■ **INFORMATION SUPPLIED**:
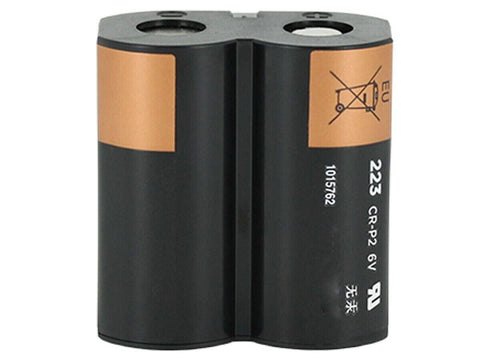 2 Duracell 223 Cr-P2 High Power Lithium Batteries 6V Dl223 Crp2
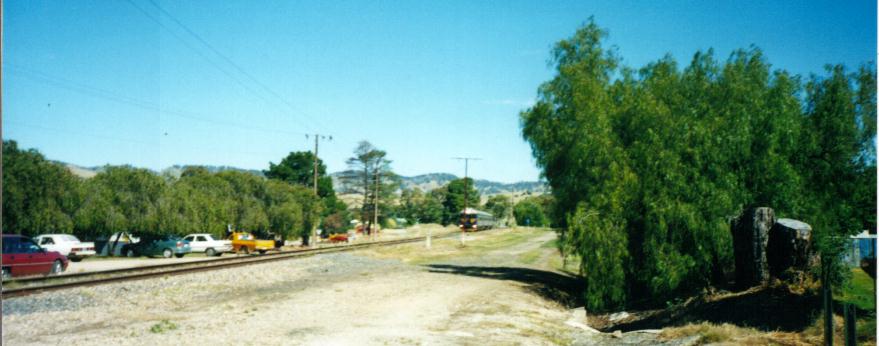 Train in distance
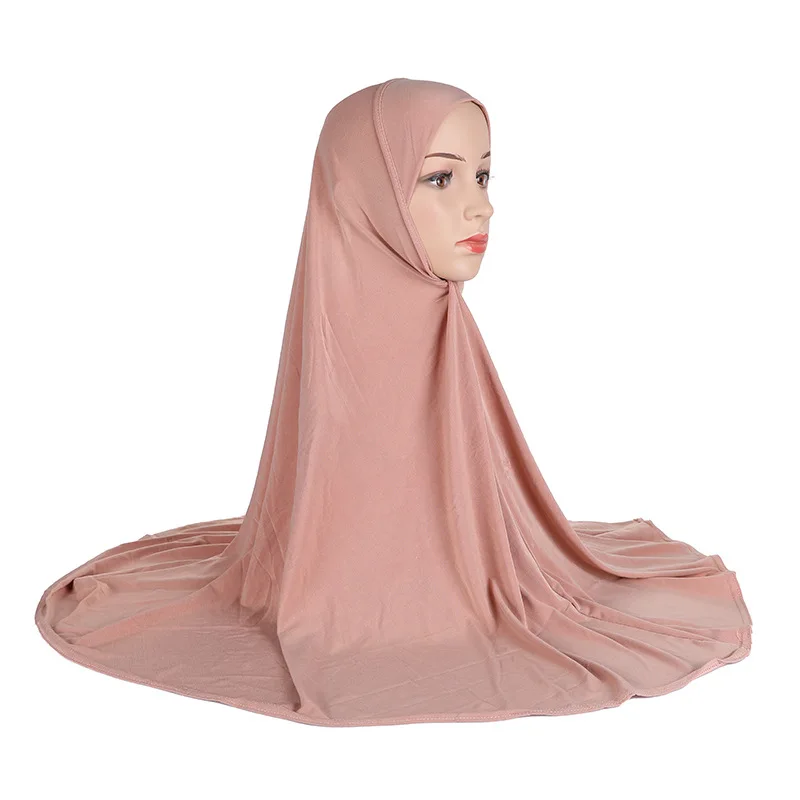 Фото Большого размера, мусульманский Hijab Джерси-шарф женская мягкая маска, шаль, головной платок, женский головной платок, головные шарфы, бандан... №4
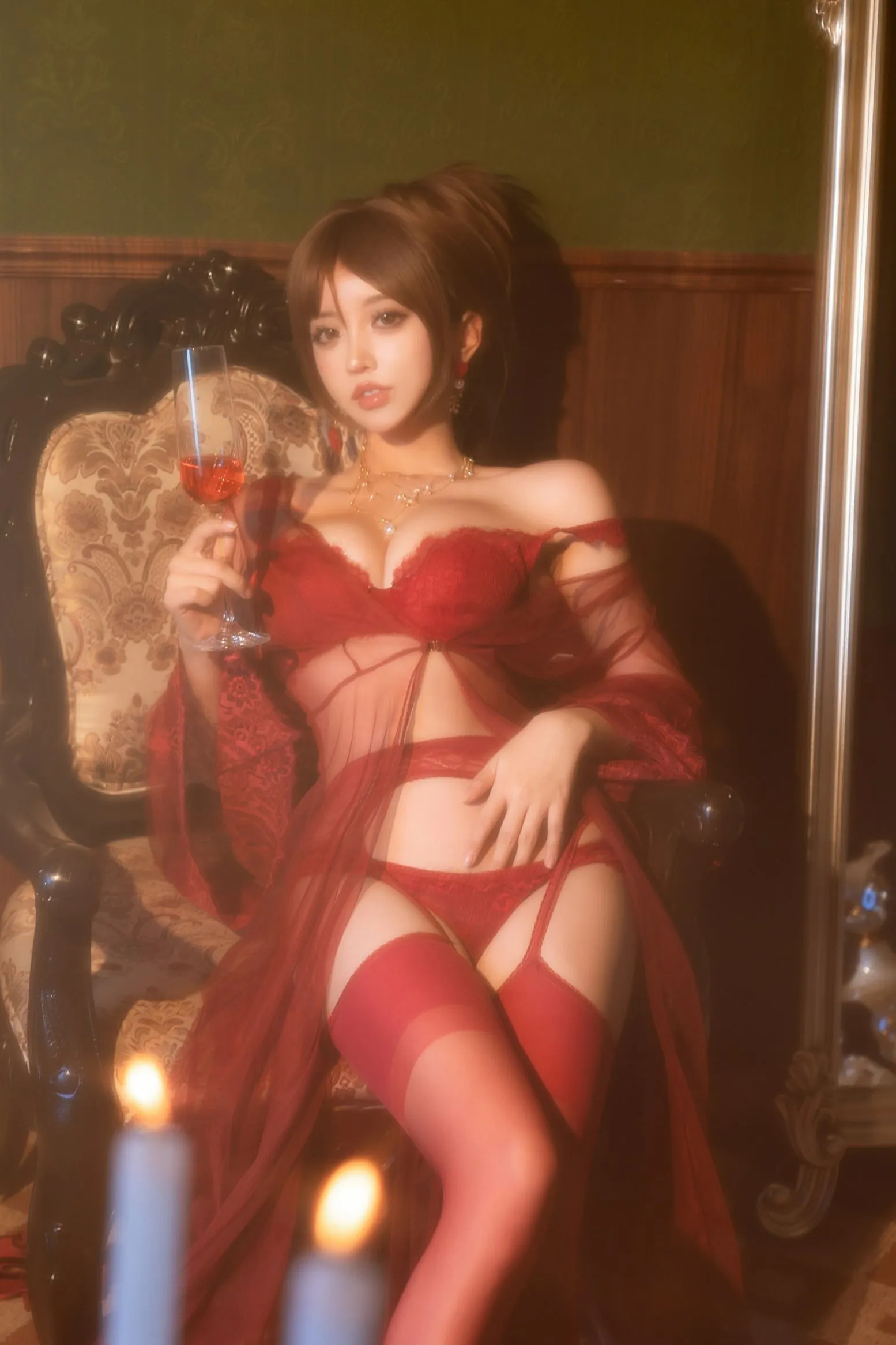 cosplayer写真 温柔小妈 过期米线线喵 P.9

■ **TASK TO COMPLETE**: Your answer should hold only the lines from the one with "Фото Большого размера, мусульманский" through the final line of the listing above, transcribed exactly and without pictures.

■ **RESULT**:
 Фото Большого размера, мусульманский Hijab Джерси-шарф женская мягкая маска, шаль, головной платок, женский головной платок, головные шарфы, бандан... №4
 cosplayer写真 温柔小妈 过期米线线喵 P.9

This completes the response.